Without getting too philosophical, for the vast majority of people, life and their standard of living is going to remain roughly the same because that’s the way society is structured. No matter how hard everyone works, not everybody ends being a millionaire or CEO. To use a simplistic analogy, it doesn’t matter how hard the 80,000 odd young New Zealand rugby players train, they can’t all be All Blacks. In fact, not even 1% will make it because there aren’t enough places and never will be.

Equally there isn’t enough money to go around, at least the way we currently allow society to operate. So, no matter how hard we all work, we can’t all “make it” though the premise that we can permeates society. And that’s cruel optimism – the belief we can make it when we can’t. The result is anxiety, despair, unhappiness, crime, mental health issues etc etc.

Cruel optimism has become an entrenched feature of our society and we unknowingly pass it on to our children. Work hard at school and you’ll get a good job. Work hard at University and you’ll get an even better job. Work really hard and you may get to buy your own house, one day… Some will, most won’t and some, unfortunately, will fall by the wayside.

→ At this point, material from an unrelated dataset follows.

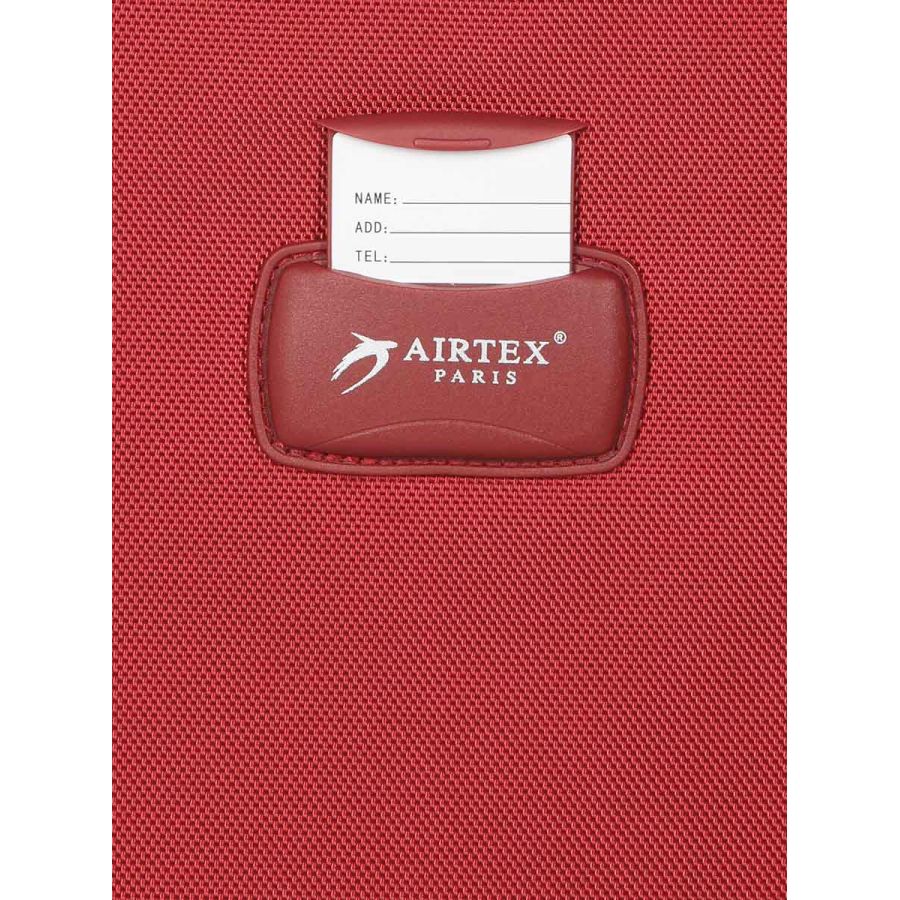Чемодан средний M тканевый Airtex 832 70×43×28см 69л Красный
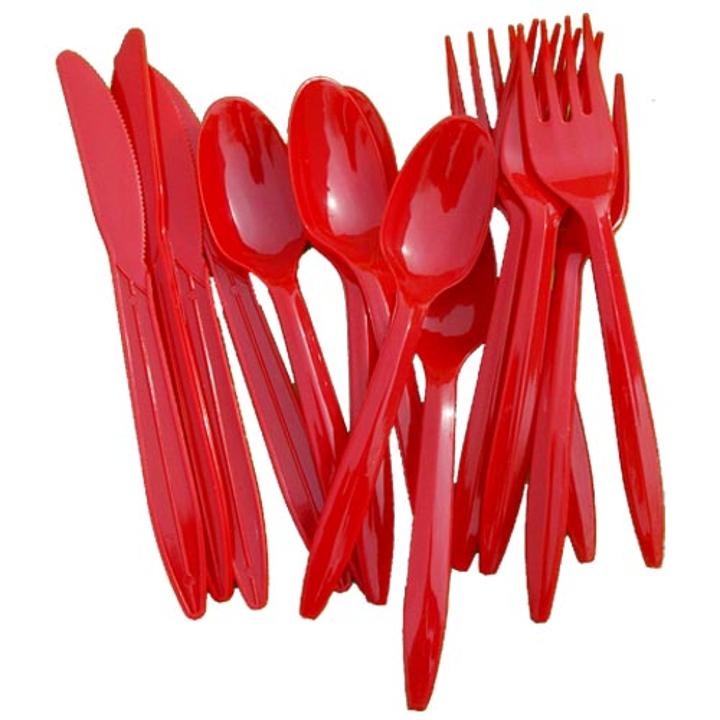 Red Cutlery Combo Pack - 48 Ct.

Think about those that don’t “make it”. Did they not work hard enough? Are they failures? Do we have 79,000 rugby failures? My answer is naturally NO. Success in society is a pyramid scheme, closer to a Ponzi scheme than a running race. Financial success is more due to how much of a financial head start you have than talent or determination. Donald Trump allegedly started out with $49M, that’s some sort of head start. Check out this video if you think life is a level playing field.

My advice, make sure your children enjoy life and their unique journey and let the future take care of itself. As we all know, the richest people are not the happiest.